As seen in FIGS. 4-6, the engaging assembly 11 includes a cylindrical
tubular brake drum 20 around which is formed an enlarged diameter transfer
section 21. The enlarged diameter transfer section 21 may be integral with
the drum 20 as illustrated herein or a separate member attached to the
drum 20 as disclosed in my copending application Ser. No. 08/620,675. The
brake drum 20 is designed to have the braking forces applied thereto by
the braking means 15 and is movably mounted by the mounting means 12
adjacent the pair of skate wheel assemblies SWA. The transfer section 21
projects out around the outside of the brake drum 20 at a position
intermediate its length.
The brake drum 20 has an annular side wall 22 defining a central axially
extending passage 24 therethrough about the longitudinally extending axis
AX.sub.BD of the drum. Opposite ends of the brake drum 20 are oriented
normal to the brake drum axis AX.sub.BD to define opposed end side
engaging surfaces 25 thereon. The brake drum 20 has a prescribed length
L.sub.BD (FIG. 6) which is slightly less than the transverse distance TD
(FIG. 3) between the skate side frames SSF as will become more apparent so
that the brake drum 20 will freely pass between the side frames SSF while
being oriented so that its central axis AX.sub.BD is generally horizontal
and normal to the skate longitudinal axis AX.sub.RS and the plane
PL.sub.CM. The brake drum 20 is preferably heat conductive so that it will
transfer heat therethrough to the inside peripheral surface 26 of the side
wall 22. The outside peripheral surface on the drum side wall 22 serves as
a base from which the transfer section 21 is mounted.

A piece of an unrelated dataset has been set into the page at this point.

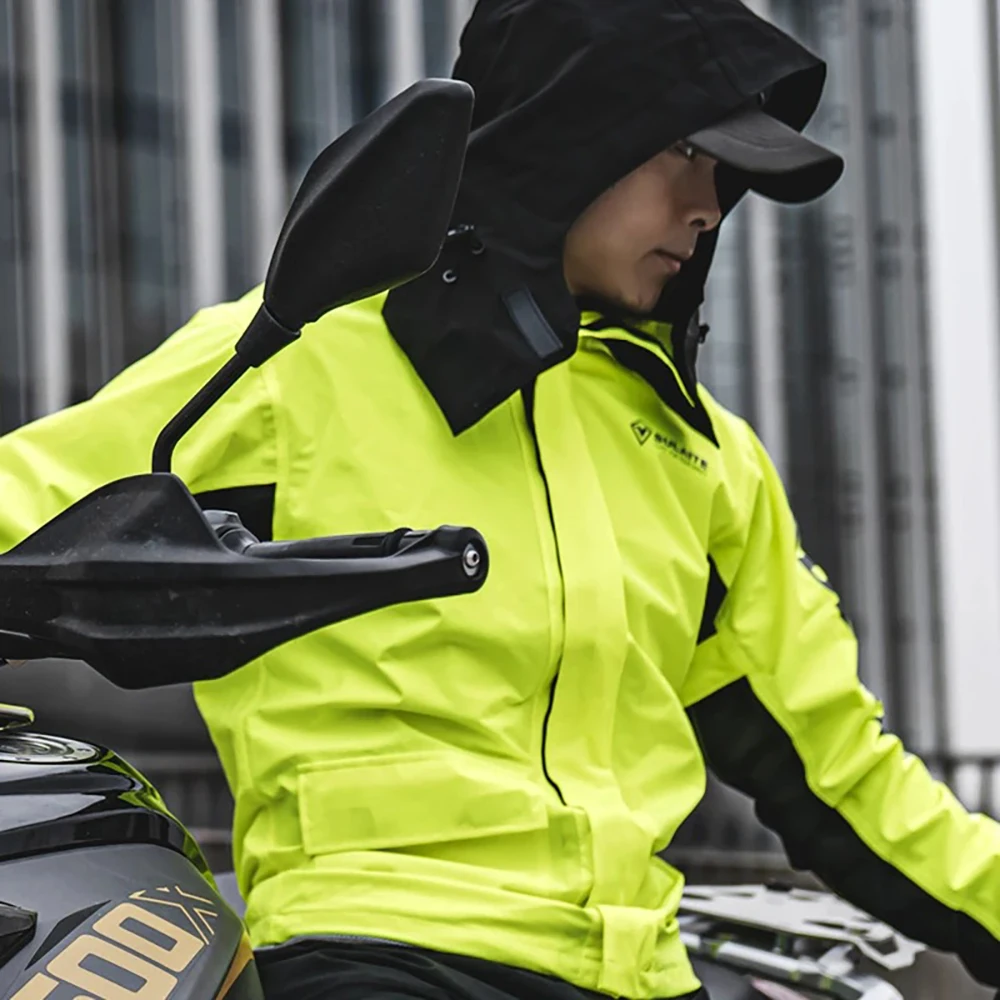 Motorcycle Raincoat Men Women  - Fishing Rain Suit reseña y precio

The transfer section 21 has a length LG.sub.TS (FIG. 6) less that of the
brake drum side wall 22 and is located midway the length of the side wall
so that a pair of cylindrical brake pad engaging surfaces 28 are defined
on opposite ends of the outside peripheral surface of the drum side wall
22 outboard of the transfer section 21. These surfaces 28 are concentric
of the drum central axis AX.sub.BD and centered on a plane normal to the
drum central axis AX.sub.BD. These surfaces 28 are frictionally engaged by
the braking means 15 to apply braking forces to the engaging assembly 11
and retard its rotation as will become more apparent. As will also become
more apparent, a significant amount of the heat generated at the braking
means 15/brake pad engaging surfaces 28 interface is transferred through
the side wall 22 to the inside surface 26 of the side wall 22. While any
convenient material may be used for the brake drum 20, steel as well as
metal matrix/refractory ceramic composites have been used satisfactorily
to provide the necessary strength to support the forces to which the side
wall 22 is exposed, conduct the heat from the surfaces 28 through the side
wall 22 to the inside surface 26, and not excessively wear when the
frictional braking forces are applied to the surfaces 28.

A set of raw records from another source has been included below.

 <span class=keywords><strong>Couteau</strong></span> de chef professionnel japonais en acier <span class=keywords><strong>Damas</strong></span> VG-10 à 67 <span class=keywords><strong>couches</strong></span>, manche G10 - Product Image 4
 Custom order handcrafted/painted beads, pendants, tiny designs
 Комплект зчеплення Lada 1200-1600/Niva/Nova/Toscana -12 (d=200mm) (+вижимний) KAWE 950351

The transfer section 21 is an annular cylindrical portion 30 joined to the
brake drum side wall 22 through a reduced width spacer portion 31 so that
the section 21 will be maintained concentrically of the brake drum central
axis AX.sub.BD with the section 21 centered on a plane normal to the drum
central axis A.sub.BD. The transfer section 21 has an outside diameter
DA.sub.TR (FIG. 5) which is greater than the clearance space SP.sub.SW
(FIG. 2) between the adjacent skate wheel assemblies SWA so that the
engaging assembly will not pass down between the skate wheel assemblies
SWA when the tires SWT are inflated but rather will engage the tire treads
GET of the two skate wheel assemblies.
The spacer portion 31 of the transfer section 21 connects the section 21 to
the brake drum 20 and has a width WD.sub.SP (FIG. 6) much less than the
length LG.sub.TS of the transfer section 21. As best seen in FIG. 5, the
spacer portion 31 also has openings 36 therethrough to further reduce the
net cross-sectional area through which heat can be conducted from the drum
20 to the transfer section 21. It will thus be seen that the spacer
portion 31 acts as a resistance to the transfer of heat generated by the
braking action to the transfer section 21 so as to minimize the heat
transferred to the skate wheel tires SWT. The spacer section 31 is
centered under the transfer section 21 so that a pair of annular recesses
34 are defined on opposite ends of the section 21.
The mounting means 12 includes a leaf mounting assembly 41 best seen in
FIGS. 2-4 mounted between the skate side frames SSF in the space between
the two skate wheel assemblies SWA which are to be engaged by the engaging
assembly 11. The engaging assembly 11 is mounted by the leaf mounting
assembly 41 between the skate side frames SSF above path PA.sub.SW along
which the skate wheel assemblies SWA are centered.
The leaf mounting assembly 41 and braking means 15 best seen in FIG. 4 are
combined so as to both position the engaging assembly 11 and also apply
braking forces thereto. The leaf mounting assembly 41 includes a pair of
elongate flat resilient leaf members 50 which can be resiliently flexed
easily in one plane but not in the other.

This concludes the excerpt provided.